また酒造元と桶屋さんの常識の杉の「白線帯」のお話は興味深いものでした。上芝さんが150年位の杉の輪切りで、赤身と白太の境目の希少な部分を示し、杉を伐採した時に1時間くらいは白く浮き上がっていて、桶にはこの部分を使うのだそうです。そして桶や樽の木材産業が金属やプラスティックにとって変わる前には、木をよく知る「木取り商」がいて、木の使い道に合わせて、木の適材手配をする職業があった、今は全て自分で材の手配をするということでした。

桧の間伐材で作られる「天水桶」

桧の間伐材で作られる「天水桶」

杉桶の最上の材は吉野の川上村の杉で、漏れが無く香りも最上ということで、桶の杉材の厚さは75ミリ底板の厚さは100ミリが使われています。
酒や醤油の大桶は一度製造したら100年から150年は使われるのでその修復の仕事もしながら、桶作りの技術を現在にどう生かしていくかを常に考えておられます。
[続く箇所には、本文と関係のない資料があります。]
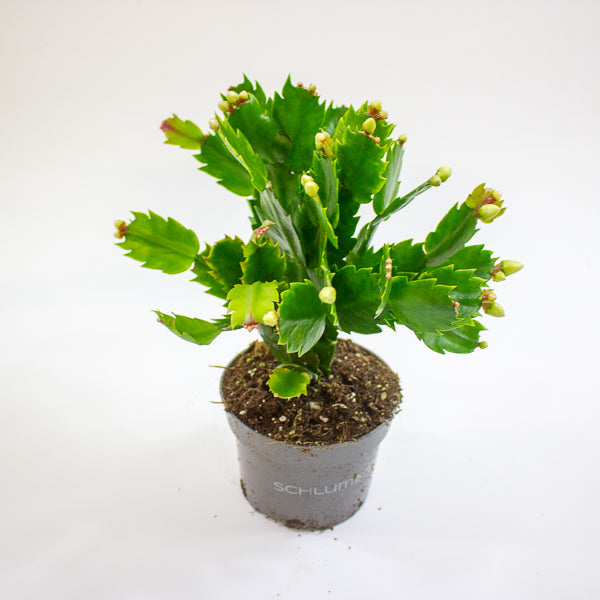 Schlumbergia - Christmas Cacti White 10.5cm H20cm
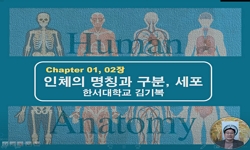 해부학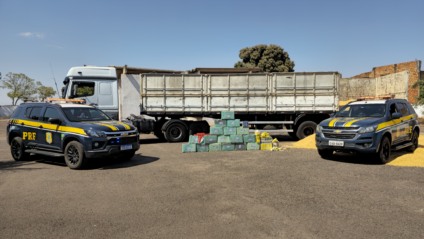 PRF apreende mais de 450 kg de drogas escondidas em carga de milho em Três Lagoas PRF apreende mais de 450 kg de drogas escondidas em carga de milho em Três Lagoas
店舗やバンガロー用途、時代劇の撮影用やビルの受水槽など。また2年程前から雨水利用の「天水桶」などの新しい取組みをされています。天水桶は都心の集合住宅にも採用され、都市の集中豪雨などによる下水道の対策にも必要になってきたいうことでした。

藤井製桶所は都心から数十分。こんな身近な場所で伝統が守られ現在に生かされていることを知り、皆感銘を受けて帰りました。
そして木理直通で加工性のいい日本特有の杉があったからこそ桶・樽がたくさん作られ、
木を大事にリサイクルリユースするエコロジーな生活をしてきた先人の生活を改めて感じました。